### What is being asked
From the line that contains "Casa em condomínio" through the closing line of the entries, write out each line exactly; pictures stay out.

Image-text web data:

*** Block opens ***

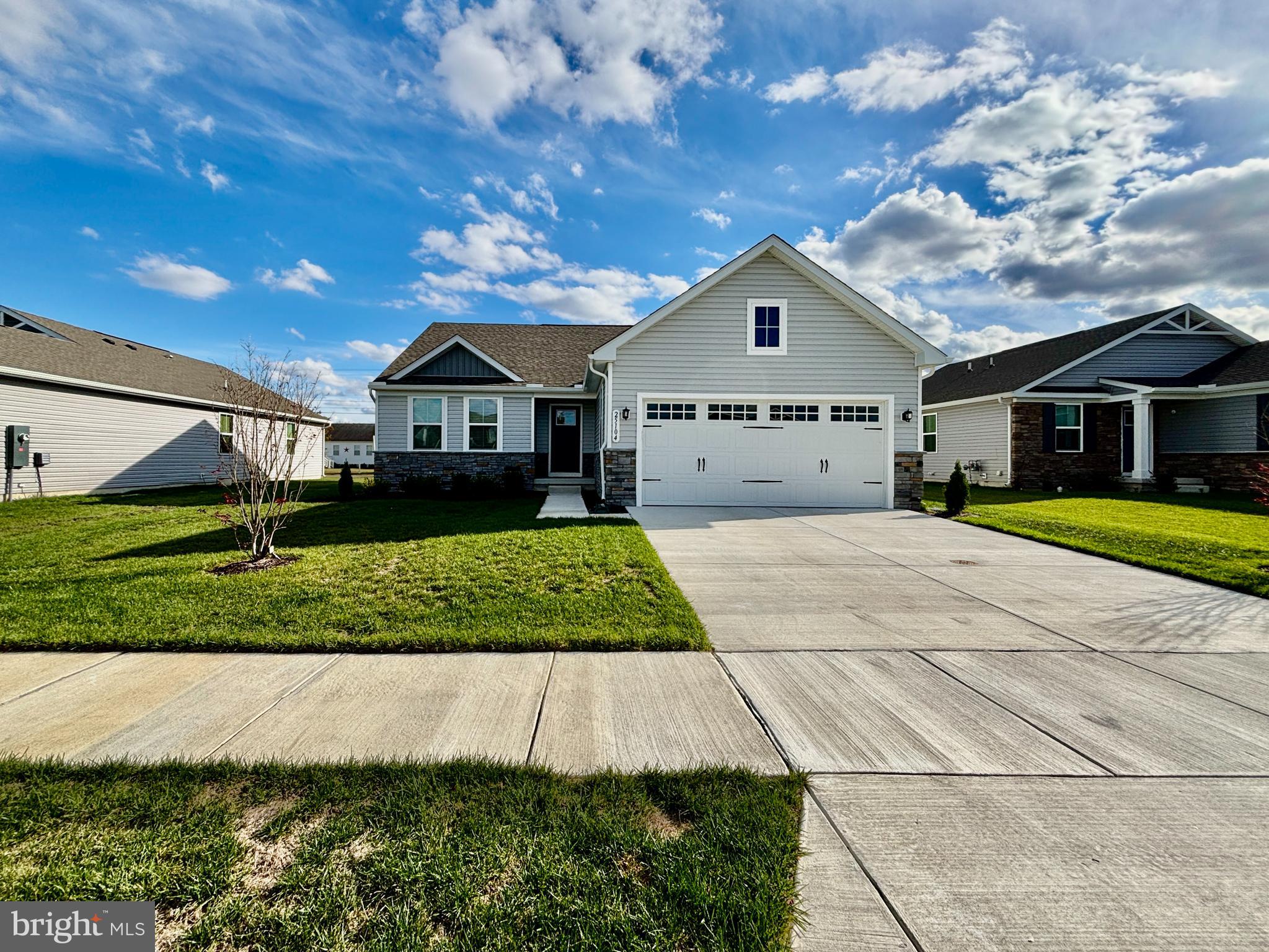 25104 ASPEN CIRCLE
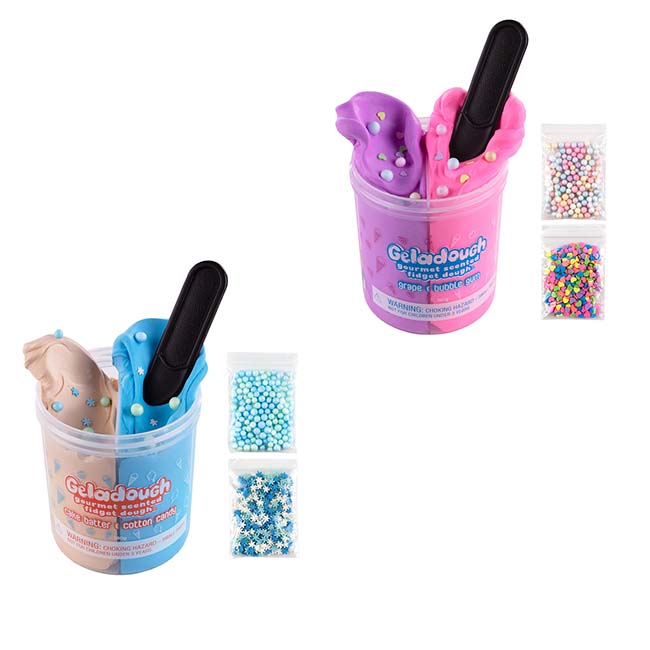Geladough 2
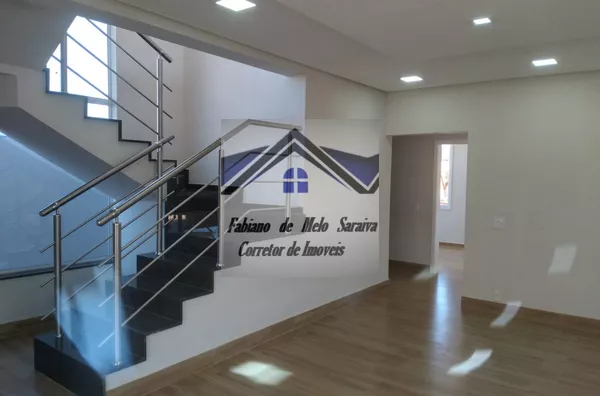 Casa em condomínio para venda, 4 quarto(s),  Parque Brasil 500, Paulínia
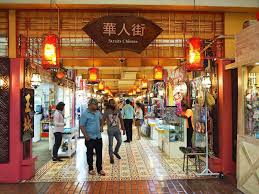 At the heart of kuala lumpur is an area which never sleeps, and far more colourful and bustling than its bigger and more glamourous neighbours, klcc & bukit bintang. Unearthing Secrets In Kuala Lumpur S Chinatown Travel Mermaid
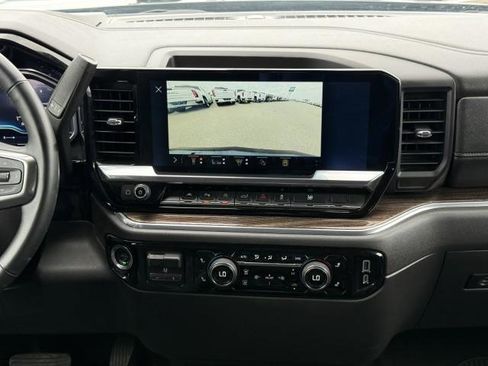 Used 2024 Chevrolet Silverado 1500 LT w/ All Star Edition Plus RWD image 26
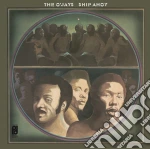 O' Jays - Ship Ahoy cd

*** Block closes ***

### Exercise response
 Casa em condomínio para venda, 4 quarto(s),  Parque Brasil 500, Paulínia
 At the heart of kuala lumpur is an area which never sleeps, and far more colourful and bustling than its bigger and more glamourous neighbours, klcc & bukit bintang. Unearthing Secrets In Kuala Lumpur S Chinatown Travel Mermaid
 Used 2024 Chevrolet Silverado 1500 LT w/ All Star Edition Plus RWD image 26
 O' Jays - Ship Ahoy cd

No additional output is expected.